What you are asked to do: Retype, word for word, the line holding "this 560×338 image." and each line after it down to the end of the data; pictures are not copied.

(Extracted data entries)

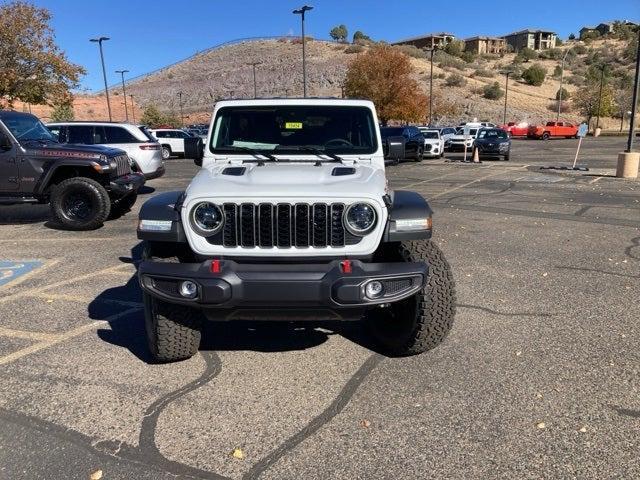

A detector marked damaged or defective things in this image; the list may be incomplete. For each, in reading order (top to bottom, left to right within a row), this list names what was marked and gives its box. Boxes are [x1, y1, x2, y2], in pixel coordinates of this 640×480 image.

crack in pavement [241, 352, 382, 480]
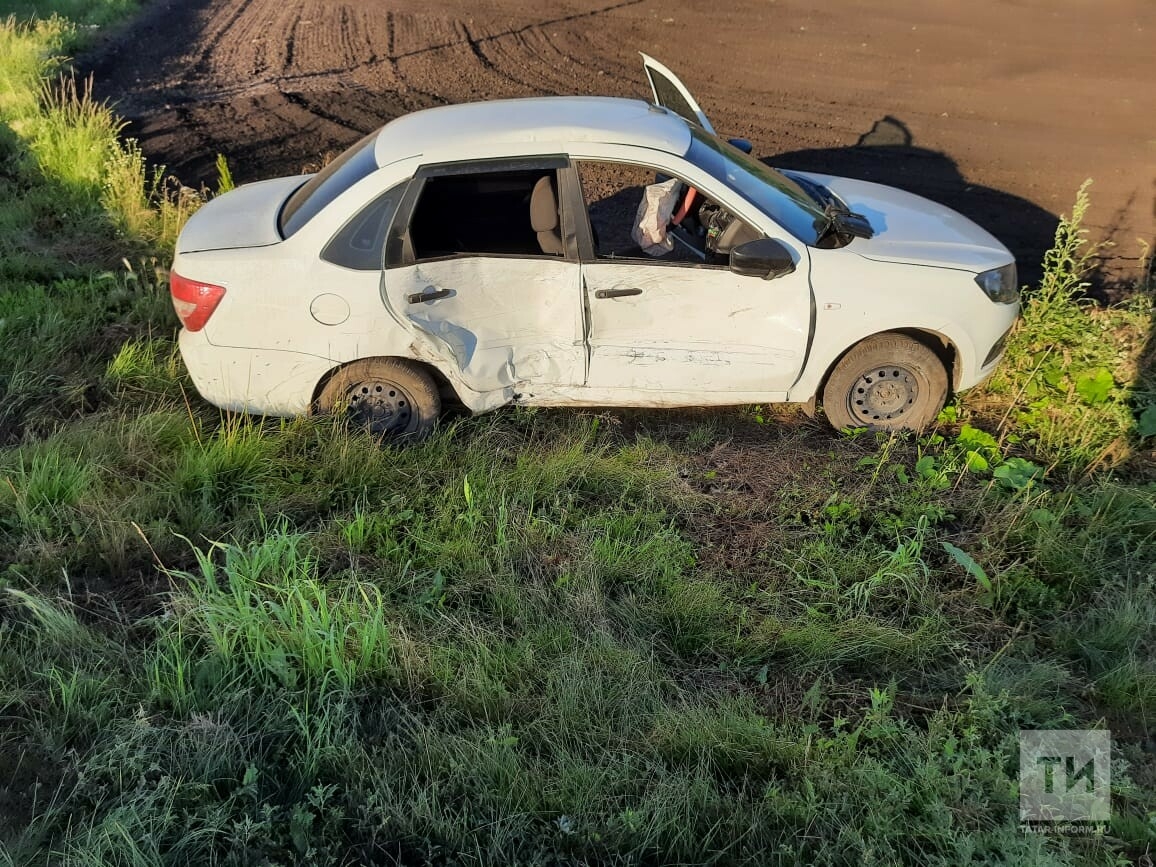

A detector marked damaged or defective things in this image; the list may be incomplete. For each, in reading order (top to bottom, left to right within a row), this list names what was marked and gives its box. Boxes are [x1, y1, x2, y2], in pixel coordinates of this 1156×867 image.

crushed car door [640, 52, 712, 133]
crushed car door [380, 161, 580, 396]
broken window [408, 168, 560, 260]
damaged white sedan [166, 54, 1012, 438]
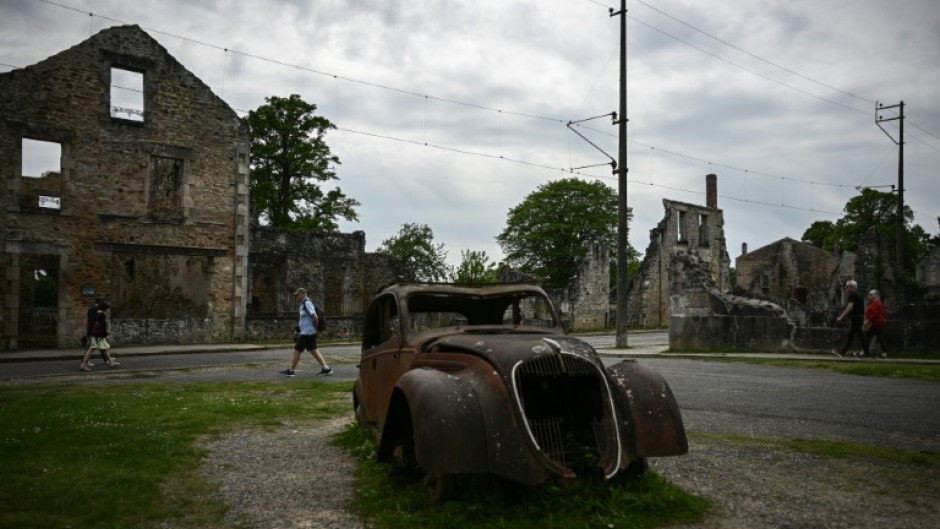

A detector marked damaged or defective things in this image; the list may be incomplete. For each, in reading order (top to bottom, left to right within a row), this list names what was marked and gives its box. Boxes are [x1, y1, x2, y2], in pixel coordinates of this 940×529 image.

rusty car body [352, 280, 692, 496]
rusted car wreck [354, 282, 692, 498]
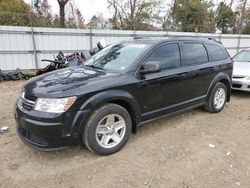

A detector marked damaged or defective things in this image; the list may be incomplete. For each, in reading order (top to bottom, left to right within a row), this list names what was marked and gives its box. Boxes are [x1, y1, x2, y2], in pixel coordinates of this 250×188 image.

damaged vehicle [13, 37, 232, 155]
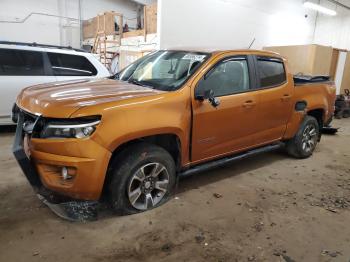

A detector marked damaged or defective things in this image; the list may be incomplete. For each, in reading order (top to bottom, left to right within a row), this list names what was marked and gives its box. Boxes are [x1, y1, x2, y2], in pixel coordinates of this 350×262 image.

damaged front bumper [12, 111, 98, 222]
broken headlight [41, 115, 101, 138]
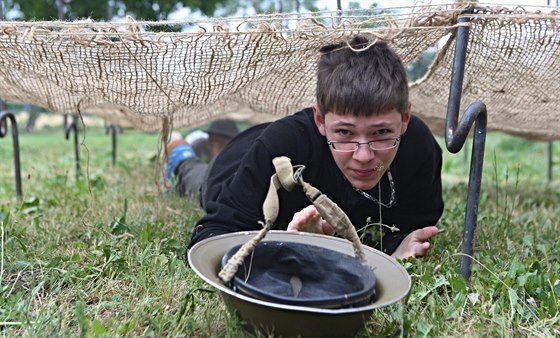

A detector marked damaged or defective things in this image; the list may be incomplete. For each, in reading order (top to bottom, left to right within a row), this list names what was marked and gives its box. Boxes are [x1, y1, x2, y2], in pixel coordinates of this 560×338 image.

rusty metal bar [0, 111, 22, 201]
rusty metal bar [446, 13, 486, 288]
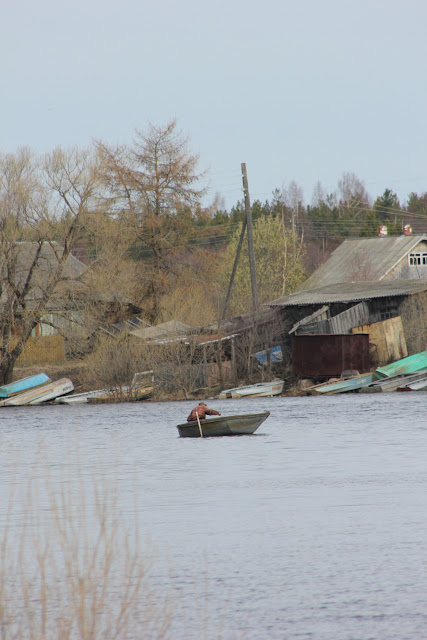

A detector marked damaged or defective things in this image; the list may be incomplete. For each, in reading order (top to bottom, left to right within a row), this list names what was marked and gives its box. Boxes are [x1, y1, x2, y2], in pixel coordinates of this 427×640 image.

rusty metal shed [294, 332, 372, 378]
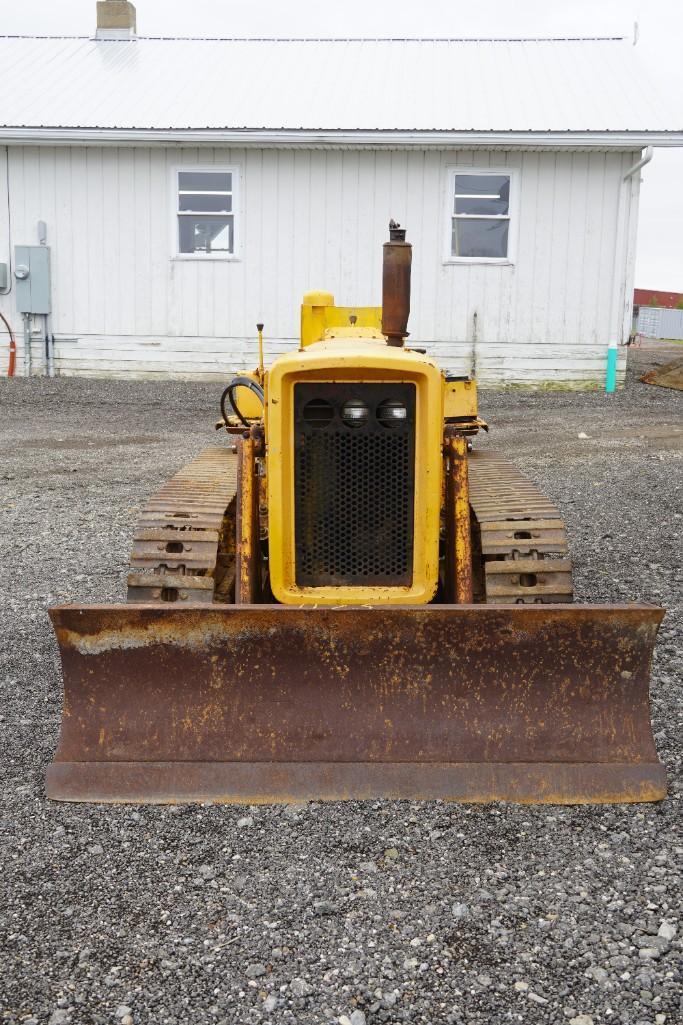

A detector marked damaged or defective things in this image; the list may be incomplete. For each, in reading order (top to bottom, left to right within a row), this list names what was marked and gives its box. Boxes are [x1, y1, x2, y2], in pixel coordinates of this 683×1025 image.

rusty steel blade [47, 602, 664, 803]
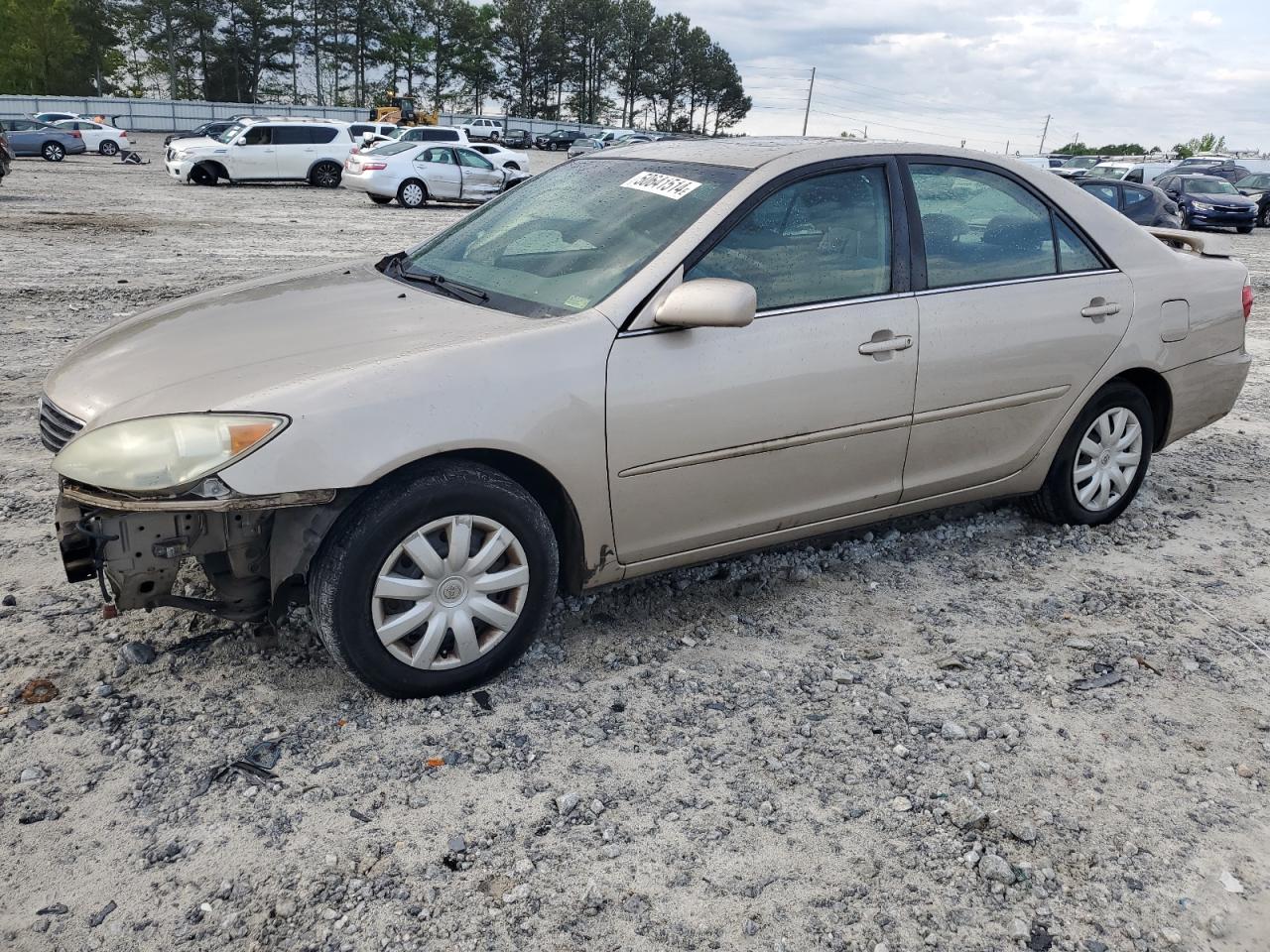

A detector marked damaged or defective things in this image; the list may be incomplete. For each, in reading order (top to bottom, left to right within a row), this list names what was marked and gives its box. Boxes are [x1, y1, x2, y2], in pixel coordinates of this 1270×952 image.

damaged front end [56, 477, 337, 627]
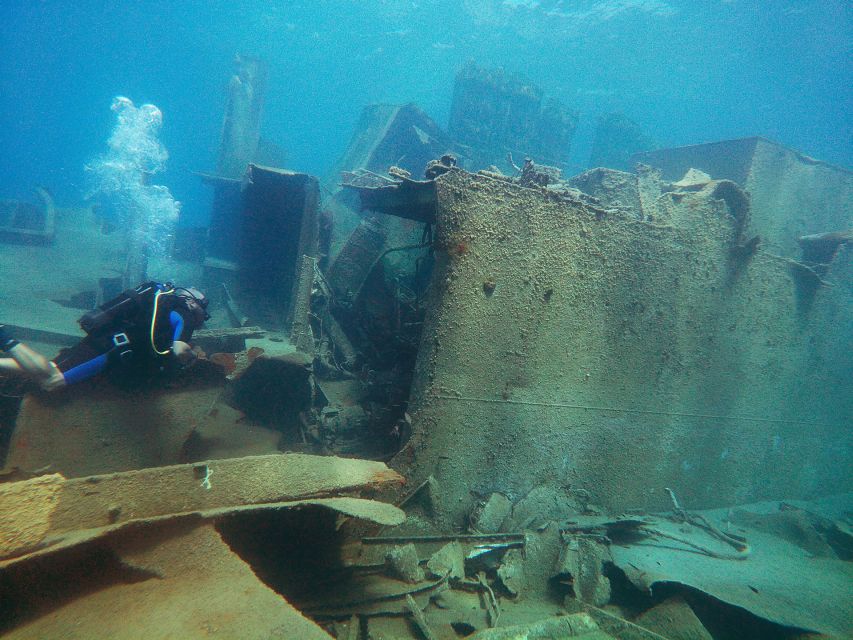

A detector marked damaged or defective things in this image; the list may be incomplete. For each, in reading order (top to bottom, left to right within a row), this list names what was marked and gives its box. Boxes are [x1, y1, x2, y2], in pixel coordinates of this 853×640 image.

Response area:
A detector marked damaged or defective things in this image; the list may be incomplete. For each, in reading order (top to bottom, left to right within a row), this list names what was marked and gives its box. Boxes are [x1, y1, x2, y2], in pixel coordinates of this 560×338 image.

rusty metal bar [0, 111, 22, 201]
rusty metal bar [446, 13, 486, 288]

A detector marked damaged or defective things in this image; the list may be incomplete. For each, in reading order (top to bottom, left to right within a row), this list names what was marked and gives its box. Boxes are [x1, y1, x2, y2], in pixel coordinates of this 427×640 image.

rusty metal shed [294, 332, 372, 378]

A detector marked damaged or defective things in this image; the list may be incomplete. For each, in reading order (top to bottom, left to right within a row), this list names what was marked and gives its box. Boxes are [x1, y1, x2, y2], in pixel coordinates of this 683×1025 image.

rusty steel blade [47, 602, 664, 803]

A detector marked damaged or defective things in this image; the list may be incomplete. For each, in reading order (top to bottom, left to right within a row), this list names what was marked and gives its box. Boxes are [x1, y1, x2, y2], in pixel coordinates of this 1270×952 image.

damaged front end [56, 477, 337, 627]

A detector marked damaged or defective things in this image; the list may be incomplete. For each, in reading order (top to bottom, left to right within a row), this list names what was marked and gives its box. Boxes are [x1, y1, x2, y2], in pixel coordinates of this 853×640 image.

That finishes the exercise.